In June Court Theatre’s Charles Newell took the stage at Radio City Music Hall in New York City to receive the 2022 Regional Theatre Tony Award. In a crisp black suit and matching tie, he addressed the Broadway League and the American Theatre Wing, which had bestowed the prestigious honor. “Thank you for seeing us so clearly,” said Newell, the Marilyn F. Vitale Artistic Director, who has been at Court for almost 30 years.
Only one nonprofit company receives the coveted honor, which includes a $25,000 grant, each year. Court was recognized for its sustained artistic achievement, contributions nationally in presenting classic theater works, and its commitment to Black theater. The honor was a long time coming—there was the moment 16 years ago when the Wall Street Journal deemed Court “the most consistently excellent theater company in America”; there was the 2019 New York Times feature highlighting its adaptation of The Adventures of Augie March.
Those “national pings,” Newell says, have been a shot in the arm, but mostly he and colleagues have kept their eyes on the work in front of them, never dreaming they’d win a Tony. (“I can authentically and honestly say it was the last thing I thought would ever happen.”) From its unique vantage point at the University of Chicago and on the city’s South Side, Court has critically reexamined the classical canon, adding new works and new voices that expand the definition of what constitutes a classic while fostering closer relationships with the artists and audiences of its surrounding neighborhoods. “Name another research university that is producing as much cutting-edge, field-leading research,” Newell says. “Name another community in the United States that has generated more cultural riches.”
Court Theatre got its start—and its name—in 1955 as an outdoor summer theater whose productions took place in Hutchinson Courtyard with actors drawn largely from the Hyde Park community. By 1971 UChicago classics professor D. Nicholas Rudall, a translator of ancient Greek tragedies, took the reins as artistic director and turned Court into a professional University-based company focused on classic texts. A decade later, Court got its own ivy-covered home at Ellis Avenue and 55th Street, housing an intimate 251-seat theater space.
Enter Charlie Newell, who joined Court in 1993 and assumed artistic leadership the following year. He has since directed more than 50 productions, won an Artistic Achievement Award from the League of Chicago Theatres and four Joseph Jefferson Awards (Chicago’s top theater honor), and been named “one of the city’s most significant artistic assets” by the Chicago Tribune.
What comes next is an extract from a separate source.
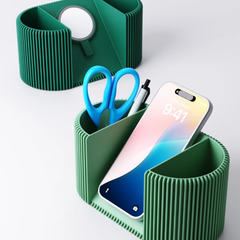 Finned Desk Organiser & Phone Holder with Pen Pot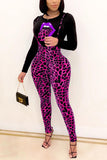Fashion Casual Leopard Lips Printed Basic O Neck Long Sleeve Regular Sleeve Regular Two Pieces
During Newell’s tenure, Court became the official Center for Classic Theatre at the University of Chicago, partnering with faculty members who enrich its dramaturgy and inform the company’s new and more equitable vision of classic theater. “We’ve been on a decades-long journey about expanding—about challenging—the question of what is classic,” Newell says. “What are the stories that are not being told, and why? What are the voices that have been shut out?”
Court has taken major strides toward achieving what Newell calls “canonical justice.” A pivotal moment came in 2005 when he invited acclaimed director Ron OJ Parson (now a Court resident artist) to direct August Wilson’s American Century Cycle, a set of 10 plays exploring the 20th-century experience of Black people in America. Since then Court has staged adaptations of classics like Ralph Ellison’s Invisible Man and Richard Wright’s Native Son; unearthed rarely produced plays by artists of color; and commissioned new works by Black playwrights. Court’s casting has made similar advances; two-thirds of its actors are artists of color—most from Chicago and many from the South Side.
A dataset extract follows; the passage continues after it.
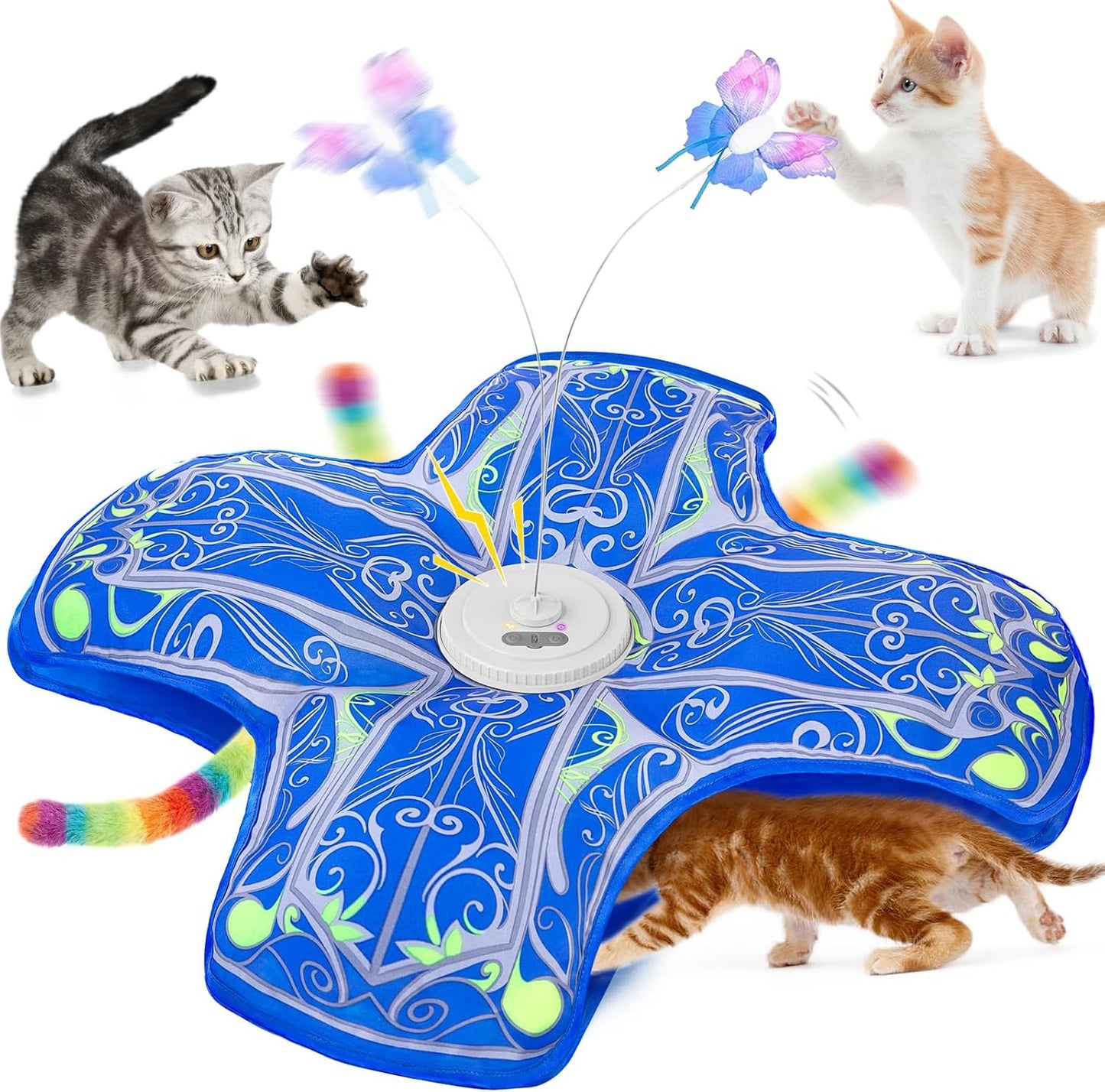 Interactive Cat Toys for Indoor Cats, Rechargeable Touch Activated Hide and Seek Kitten Toy with Fluttering (Blue Cover Cloth Toy)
The changes are accompanied by a relationship with local communities that is unprecedented in the theater’s history, Newell says. Take, for example, the Civic Actor Studio, a four-day retreat for South Side community leaders that uses theater exercises and texts to help participants harness their creativity and power. CAS alumni “have become partners of the theater,” says Court’s executive director Angel Ysaguirre, who joined in 2018. “It’s just what happens when you’re in closer relationship with people—you know them better and they know you better.” For Gabrielle Randle-Bent, who cofounded CAS and joined Court as associate artistic director this summer, these kinds of outreach efforts aren’t ancillary—they are central to the company’s mission. Community engagement, she says, “is an artistic pursuit.”
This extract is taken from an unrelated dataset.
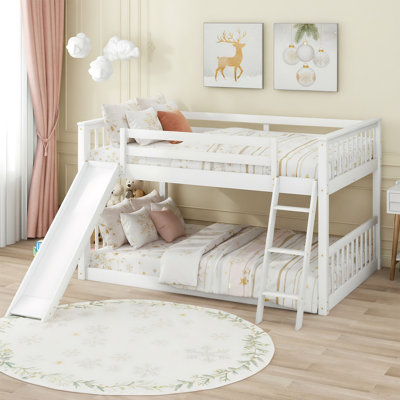 Multi-Size Bunk Bed (Twin-Over-Twin / Full-Over-Full) - Sturdy Pine Wood & Mdf Construction With Interchangeable Slide & Ladder Placement, Available In White & Gray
Now it’s an artistic pursuit they get to undertake with a Tony in hand. For Newell, the award represents “a glorious singular moment in the theater’s history,” but he’s already focused on the future. On the night of the Tony Awards ceremony in New York, far from the red carpet and designer couture, August Wilson’s Two Trains Running—the ninth of 10 plays in the American Century Cycle—wrapped up its monthlong run. Court hopes to complete the cycle with a production of Joe Turner’s Come and Gone in an upcoming season. They’re also preparing to workshop a newly commissioned play by Nambi E. Kelley about the life of Stokely Carmichael. That’s the work, Newell says: “What’s the art we’re going to do next, and next, and beyond?”